DIAGRAMA

É noite de lua cheia e do alto,

Muito intenso, desce um raio de luz,

Que chega lindo, radiante,

Bailando leve e exuberante,

Qual uma dádiva lunar

A estes pobres lunáticos,

Feito nós.

E cantando,

Assim:

Sou um raio de luz,

Sou a cor do luar,

Sou o brilho dos olhos

De o verbo amar,

Sou a tinta da letra,

Sou a voz da canção,

Sou a corda afinada,

Do teu violão,

Quando desce do céu,

Venho a te procurar,

De prata te cubro,

Quero te enamorar,

Olho-me em ti,

Vejo-te em mim,

Hoje sou teu começo,

E serei sempre o meu fim.

Mas de repente:

Como que saindo alucinada de um transe,

Parou de cantar e olhando em volta, abismada,

Como que procurando alguma coisa ou mesmo nada até,

Exclamou, Como se perguntando, onde estou?

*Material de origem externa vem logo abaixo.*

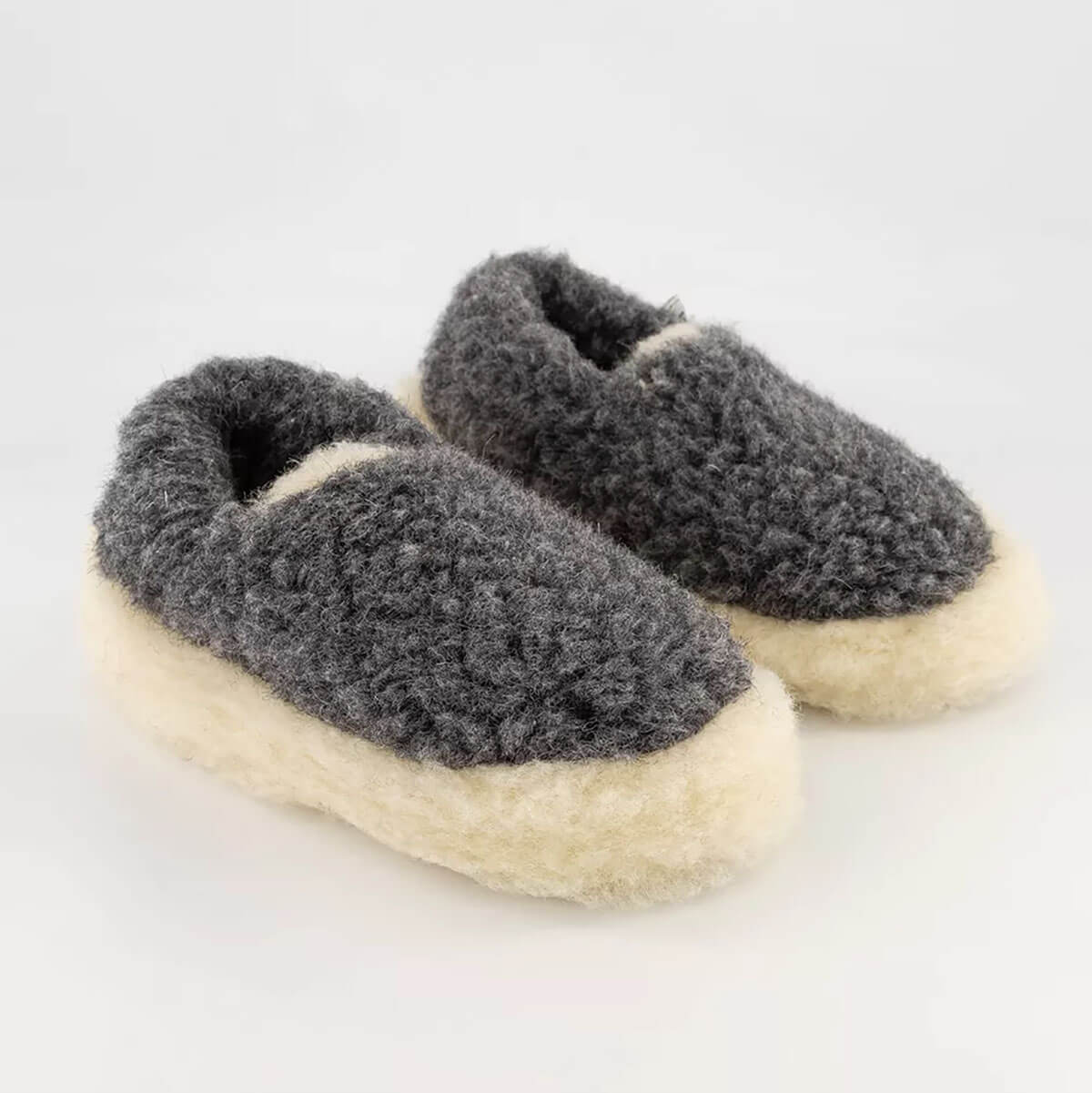 Full Slippers in Graphite by Yoko Wool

E nós, sentados como sempre, ainda pasmos,

Na mesma pracinha, do Nego Gato, chegado,

Onde sempre reunimos nas noites de lua cheia

Boquiabertos, sim senhor, mais ainda,

Ao ouvir tudo que ela nos falou,

Assim:

Que lindo jardim,

Envolto em luz,

Prateado,

São flores,

Viçosas,

São gentes,

Formosas,

Meu povo,

Artista da lua,

Que vivem na rua,

Nem casa eles tem,

Sequer um espaço, para se abrigar,

Vivem peregrinando pelas ruas de Santana,

Propagando a bela arte, pela arte de fazer arte.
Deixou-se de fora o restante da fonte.